JR: Yes, and I have met them personally.

Apuntes: We seem to coincide in our literary tastes. But tell me, what is it about their work that you find so enticing?

JR: Starting with Juan Rulfo: I met him for the first time in Chile and then saw him frequently in Mexico. I would pick him up at the Instituto Nacional Indigenista and we would have lunch. We became close friends. His literature is wonderful.

Apuntes: Did he write something else besides Pedro Páramo?

JR: He wrote many short stories in one book: El Llano en Llamas. García Márquez once said that he would give up all his own work to be the author of Pedro Páramo. He was clearly exaggerating, but that is a measure of the quality of Rulfo’s work.  García Márquez was a close friend of Onetti , so when I invited Onetti to Jalapa (I brought him over from Spain), García Márquez came to Jalapa to say hello. They were very close.

Apuntes: So that’s at the personal level. At the professional level, what about their writing?

JR: Well, I never get tired of teaching García Márquez’s short stories and short novels. I like those works more than his 100 Years of Solitude. I very much like Rulfo’s writing, as well as Onetti’s short stories. These three authors are so different: they express something deep from their own countries [Colombia, Mexico, and Uruguay].

Apuntes: Let me ask your opinion of individual writers: Octavio Paz?

JR: I visited Octavio Paz at his home several times. I have never written about Octavio Paz because I felt that he was surrounded by a court, and I didn’t want to be part of that court. Also, Rulfo was in opposition, ideological opposition, to Octavio Paz. I admire Octavio Paz, and there is no question that he is an excellent poet. As an essayist he is brilliant, even if I don’t agree with him ideologically.

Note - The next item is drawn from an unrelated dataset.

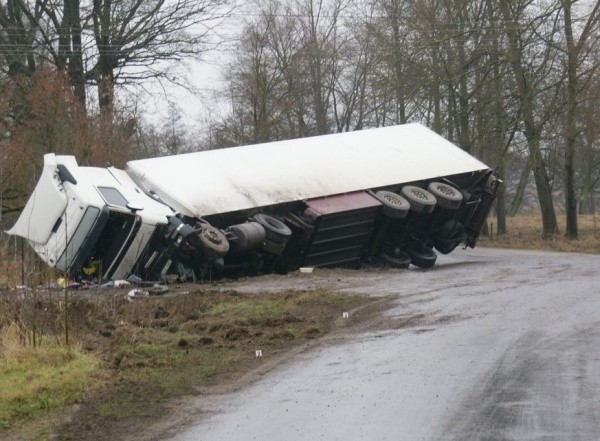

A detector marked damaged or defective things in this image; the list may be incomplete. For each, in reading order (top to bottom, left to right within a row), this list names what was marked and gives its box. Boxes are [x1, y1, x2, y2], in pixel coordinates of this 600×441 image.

Carlos Fuentes and Gabriel Gracia Marquez

Apuntes:  Carlos Fuentes?

JR: I have a good anecdote from when I invited Carlos Fuentes to the university in Veracruz.  I had met Fuentes while working as a visiting professor in Madison, Wisconsin; he came to Madison to give a lecture. I knew that he charged something like $15,000 for a couple of days of lectures. I told him I would like him to come to Veracruz, but we would not be able to pay the kind of fees he was getting at Madison; the best we could do was pay for his hotel. He immediately asked me, “Can I give two lectures instead of one? And I won’t charge you anything.” And, of course, there was a good reason for doing that: he had received some money from the Mexican government with the stipulation that he had to give at least 10 lectures per year within Mexico. So he came to Jalapa and gave two lectures. He was wonderful, he was a wonderful guy. I like some of his novels, particularly The Death of Artemio Cruz. I didn’t like some of his larger novels. I actually did not like any of his works published in the latter part of his life.

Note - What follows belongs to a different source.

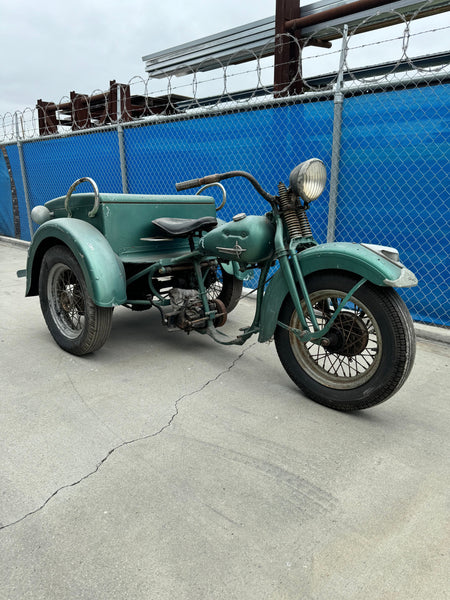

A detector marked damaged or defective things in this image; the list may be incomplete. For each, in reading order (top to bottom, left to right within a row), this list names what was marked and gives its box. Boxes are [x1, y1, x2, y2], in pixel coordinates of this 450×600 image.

Apuntes:Jorge Luis Borges?

JR: Borges is the writer of writers. I mean, everyone learned from Borges. I met him several times. Once I interviewed him at his home in Buenos Aires, for three full days. We had tea, five o clock tea. He was very “British.”

Apuntes: Julio Cortázar?

JR: I admire Cortázar very much. I believe that among all the writers we talked about, he was the best person. He was wonderful: he was very generous, not a showoff like many of the others. When García Márquez spoke of his “friends,” for example, he would tell you about the King of Spain, or the Pope. That was something Cortázar would never do.  Cortázar came to visit me in Jalapa and passed away a few months after that. I loved his Rayuela [Hopscotch], it was like a bible for my generation, possibly for several generations.

Apuntes: Vargas Llosa?

JR: I always say they should have given Vargas Llosa his Nobel Prize 30 years ago. In the last 30 years, he has not been a very good writer. I need to read everything he writes because of my professional obligation as a teacher, but I don’t like some of his later works. But his first three or four novels were excellent. He was brilliant.

Apuntes:  I understand that lately you have been focusing on cinema.

JR: Yes.

Apuntes:  Tell us about Latin American cinema.

JR: Well, like everybody else, I like to go to the movies. I remember the first screen kiss I saw, when I was four years old. Over the last 20 years I have been introducing cinema into the literature classes but felt that I was missing the bibliography. So I said to myself, “I am going to write an encyclopedia of Latin American cinema.” The word encyclopedia is not the word that I would have preferred to use, but at least it is very clear:  if I go to Uruguay, Argentina, or Mexico and ask the directors and the producers to give me copies of their movies for my encyclopedia of Latin American movies, they understand.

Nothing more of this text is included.